DNS poisoning is a very deceptive cyber threat. It is a type of cyberattack, which exploits server vulnerabilities to divert traffic away from legitimate servers to fake or malicious ones. Once you’ve navigated to the fake page, despite being the only one who can solve it, you may struggle while resolving the issue. You need to know exactly how everything works to protect yourself from it.
Without completely understanding how your computer connects to the Internet and then to your desired websites, a DNS poisoning attack may deceive you into thinking that the website itself has been hacked. Though in some cases, it may just be your device, if the attack is carefully planned the extent of the damage can be very extensive. So, if you want to know more about the details of this thread, keep on reading.
What is DNS?
In the first paragraphs, we’ve talked about DNS multiple times, but what exactly is DNS? DNS stands for “Domain Name System”. Consider it to be like a huge directory for the Internet.
When a user types in the URL/domain name of their desired website in their browser window (e.g., www.youtube.com into google chrome), a DNS would then translate the human-friendly URL into machine-friendly IP addresses (e.g. 192.168.0.1). These IP addresses are uniquely assigned to each device connected to the internet. This part is also known as DNS resolution.
Simply put, to locate the web page and its resources requested by the user a DNS takes the URL, converts it into an IP address, accesses the resources and displays them on the web browser.
Now before we understand what is DNS poisoning in detail, we need to understand what is a DNS cache.
Caching or DNS caching is when the DNS resolver temporarily stores the responses for IP address queries in a cache.
Through caching a DNS system responds to queries faster, without having to communicate with various servers involved in the resolution process. Generally, the data can be cached in multiple locations for a specific period of time (also known as time-to-live)
How is a DNS cache poisoned?
A DNS cache is poisoned when an external/malicious actor feeds incorrect information into the DNS cache, forcing the user’s browser to return with an incorrect response. Usually, this response redirects the user to a website other than the one the user intended to access. As this happens, spyware, worm or any other kind of malware can be installed on the user’s machine from the malevolent location.
A DNS server can not verify data during resolution, which means that the incorrect information can remain in the cache until the time-to-live expires. Though this poisoning cannot disconnect the real website from its IP address, users will continue to be redirected to the rogue website as long as the DNS cache is poisoned.
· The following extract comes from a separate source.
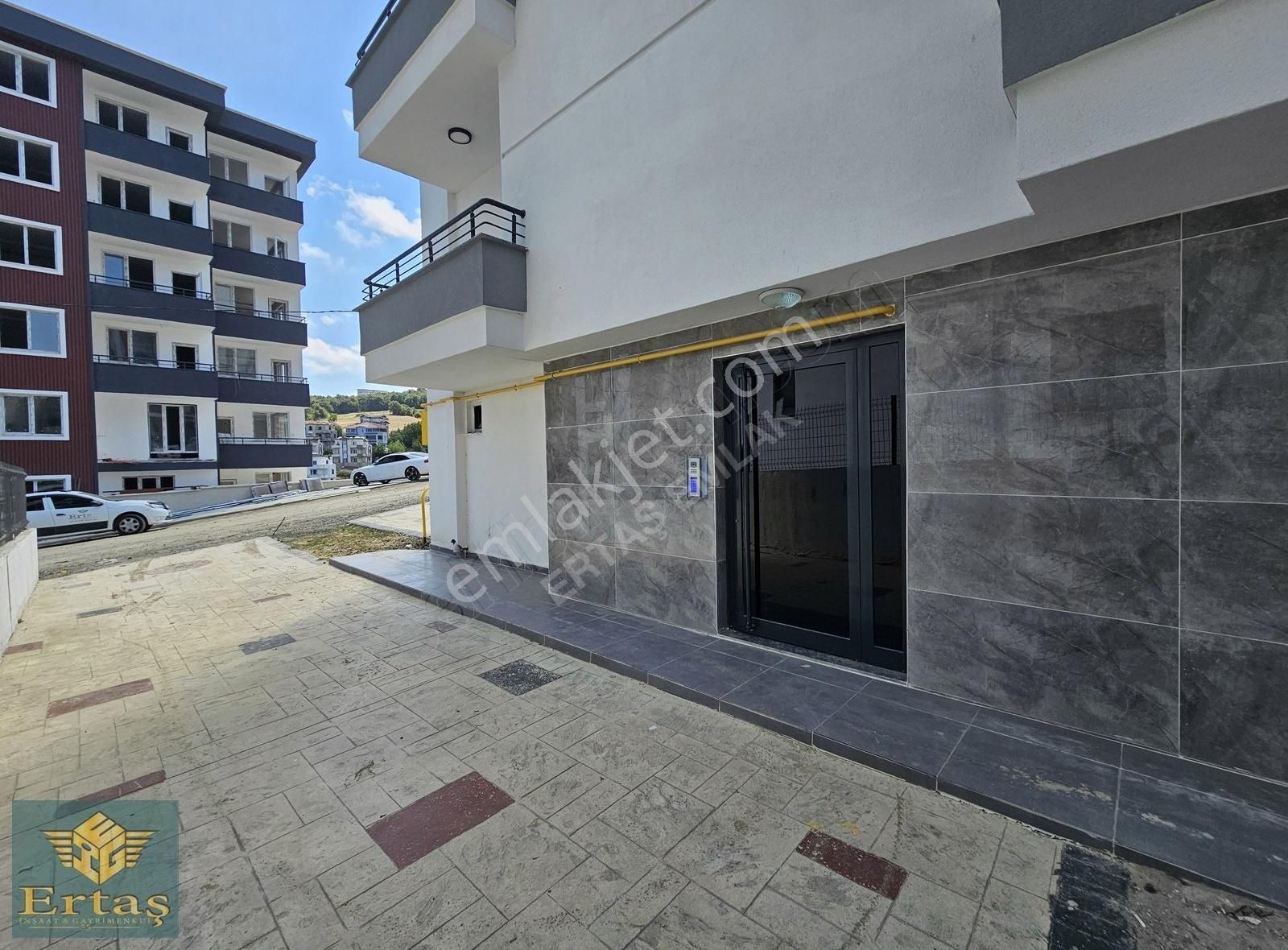 Körfez'de Gizli Mutfaklı Yüksek Kredili Satılık 1+1 Daireler - Görsel 9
Due to the longstanding and inherent weaknesses of the DNS, it’s pretty easy for attackers to infiltrate a DNS lookup for malicious purposes. DNS was built for a smaller internet, and with the principle of trust since, at that time there was no reason to expect anyone would try to propagate false DNS information.
How to prevent DNS cache poisoning?
It is very hard to eliminate the threat of a poisoned DNS cache because even if the infected server is completely cleaned, individual user devices can still return to the malicious sites and cause problems for their users. Yet, it is possible to enhance the chances of avoiding a cache from being poisoned. Prevention can be considered a two-fold responsibility for the end-users as well as the website owners and the DNS service providers.
For website owners and DNS service providers
– Use the DNSSEC (DNS Security Extensions) protocol, which implements a hierarchical digital signing policy at each level to prevent such poisoning attacks.
– Deploy spoof detection tools to verify if a request has been answered by the accurate DNS server, and identify if a server has been hijacked through the DNS response.
– Implement E2E (end to end) encryption to make their systems more resilient. It will enable the system to send such encrypted DNS requests that only the planned recipients can decrypt.
– Don’t open unknown links.
– Use a VPN (Virtual Private Network) if and when possible.
– Regularly scan your devices for malware including viruses, worms, keyloggers and trojans.
– Regularly flush your DNS cache.
Throughout the article, you’ve understood what is a DNS cache poisoning attack and how can you help prevent it. It is imperative that you stay vigilante to prevent such attacks, otherwise you might end up with your data at risk, leave your devices at the risk of malware infection or forced censorship, and even the attacker might halt your security update leaving you vulnerable to a plethora of other attacks.